Sinister': Turkey Installing Tip Boxes Encouraging Neighbors to Spy on Each Other

“What we can expect is more people hauled from their homes for unspecified ‘crimes’ that they may or may not have done..."

The Turkish government is launching a new campaign encouraging neighbors to tattle on each other by placing anonymous notes in boxes to be installed nationwide. The plan has elicited criticism from journalists who are using terms such as “sinister” and “troubling” and comparing the plan to Nazism, Stalinism and the Stasi, saying it will peel away the trust between citizens and will inevitably lead to abuse.

Illustrative photo (Image source: Getty Images)

The code name for the project is “The Confidential Police Notice Point Project” which will accept both written and oral complaints, Turkish media report, though it’s unclear how the boxes will anonymously collect oral testimonies.

Hurriyet Daily News and other Turkish media are reporting that the tip box installation plan was apparently prompted by a call from Prime Minister Recep Tayyip Erdogan urging citizens to sue their neighbors if they bang pots and pans in support of the Gezi Park protests, a nightly occurrence in some areas.

“It’s a crime to disturb neighbors.

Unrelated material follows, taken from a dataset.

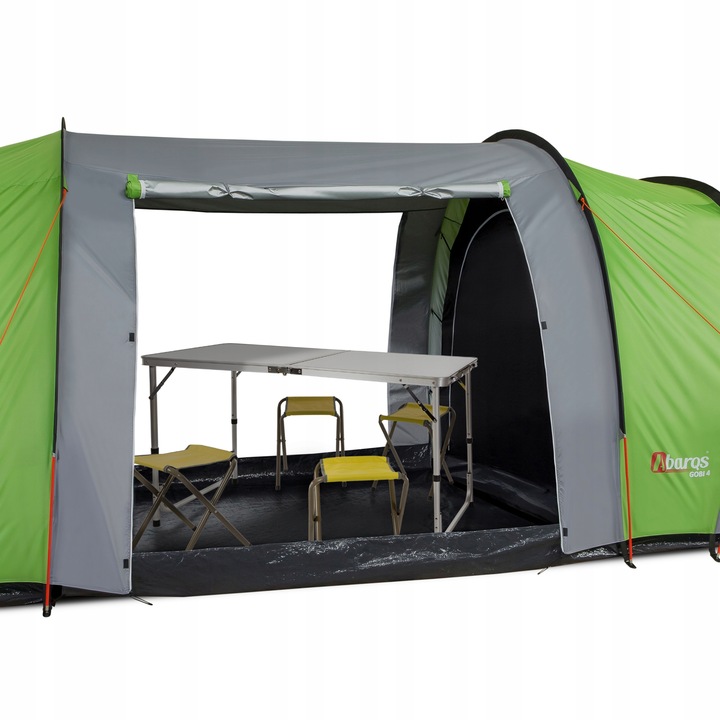 Namiot 4 osobowy 2 sypialnie Przedsionek TROPIK turystyczny kempingowy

I’m telling you that such acts require punishment,” Erdogan said. “Because no one has the right to disturb the peace of this nation.”

“When people want to report to the police about a crime through email, letter or fax, they can be concerned that their identity will be revealed and they will get hurt; when they want to report in person, they might hesitate due to the length of the bureaucratic processes,” the Directorate of Public Order of the Police Department said according to the Cihan new agency.

Jenny White, a Boston University social anthropology professor who writes extensively about Turkey is alarmed by the tattling campaign. She writes, “what we can expect is more people hauled from their homes for unspecified ‘crimes’ that they may or may not have done and that may or may not actually be on the law books. Serendipity might be the new watchword instead of justice — the chance to trample on your neighbor or a stranger with impunity.”

“The former East Germany also had an entrenched network of people spying on one another for the Stasi secret police. Once Stasi archives were opened, it was learned that one in ten citizens of the GDR spied for the Stasi, spouses on each other, children on their parents, and friends and fellow activists on one another,” White adds.

Freelance writer David Lepeska, who lives in Istanbul, calls the plan “sinister.” He writes on the website Next City, “All this should be acutely troubling to anyone who cares about democracy in the urban world. Istanbulites long weary of the gaze of their government now must look into the eyes of their neighbors.”

“Tools similar to the informant boxes have been used in dictator-run Arab countries before, and as well as in Nazi Germany and Stalinist Russia — places where secret police kept watch and public trust evaporated,” Lepeska adds.

“With anonymous reporting, the potential for abuse is considerable,” he adds.

Al-Monitor columnist Tulin Daloglu echoes that concern, writing, “it’s impossible to guarantee that authorities won’t ever abuse the power.”

Lest you may think something similar couldn’t happen in the U.S., check out a news report from Washington State around the Fourth of July last month.

KOMO-4 TV reported that in the neighborhood of Magnolia, a citizen was seen posting signs on light polls asking community members “to stop the madness” and turn each other in if someone is seeing lighting fireworks. It suggested videotaping any culprits and reporting them to police.

One neighbor said, "I have called the police when it got really bad, but I've never videotaped or anything like that. That's taking it a little too far.”